1731 год. В сентябре проехали через Иркутск китайские послы, едущие к российскому двору, для поздравления императрицы Анны с восшествием на престол. Их препровождал драгунский капитан Елисей Давыдов.
1732 год. В ноябре месяце Заморскими воротами зашел в город Иркутск медведь, прошел подле загороди палисадной и вышел в Мельничные ворота.
1735 год. Апреля 11. Ангара вскрылась от льда.
Приехали в Иркутск профессоры Герард Фридрих Миллер, сочинитель Сибирской истории, и Иоганн Георг Гмелин — ботаник. Они ездили за Байкал, в Нерчинск, Якутск и другие места...
О прибывшем тогда вместе с профессорами Степане Крашенинникове в летописи, как видим, ни слова: чин невелик. Но ему и не важно...
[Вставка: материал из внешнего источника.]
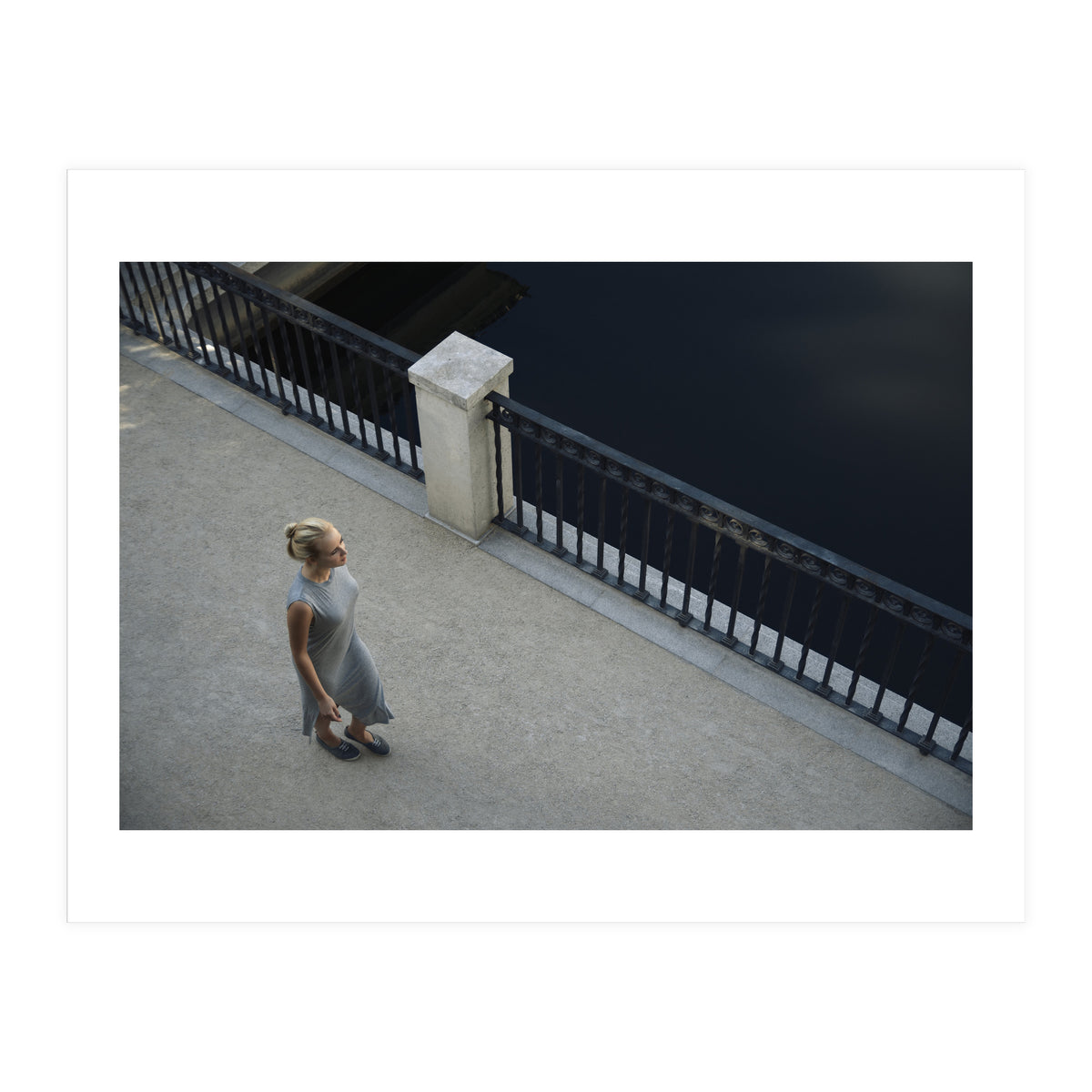 Lost in Madrid (Print Only)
«1741 год. Река Ангара покрылась льдом 12 января, а вскрылась 21 марта.
1742 года январь. По случаю восшествия на престол императрицы Елизаветы приезжал с присягою и манифестом поручик Кар».
Так Степан Крашенинников с опозданием на два месяца узнает, что с 25 ноября минувшего 1741 года он является верным подданным уже третьей (за время его путешествия) высочайшей персоны. Важное известие со скоростью 180—200 верст в сутки распространилось с берегов Невы во все стороны.
Вечером 25-го
В ночь на 25 ноября 1741 года гренадерская рота Преображенского полка еще раз переменила власть в России. Рота — немного, около 200 человек; но огромные корпуса, армии разбросаны по стране, а гвардейская рота — «правильно расположена»: дворец не впервые взят штурмом теми, кто поближе к нему, остальная же империя — придет день, «получит грамотку» о новом правителе. На этот раз подготовка заговора была, кажется, довольно простой: Иван Антонович, на 14-м месяце царствования и 16-м месяце жизни, еще был не очень государственным человеком; его мать Анна Леопольдовна четырьмя месяцами раньше родила девочку, Екатерину, и, по обыкновению своему, проводила недели в пирах и забавах; наконец, отец императора принц Антон более всего следил за постройкой нового дворца и парка, где можно было бы по дорожкам разъезжать на шестерке лошадей... К тому же он только что присвоил себе сверхвысокий чин генералиссимуса, а вопрос о соответствующей форме и параде был не из простых...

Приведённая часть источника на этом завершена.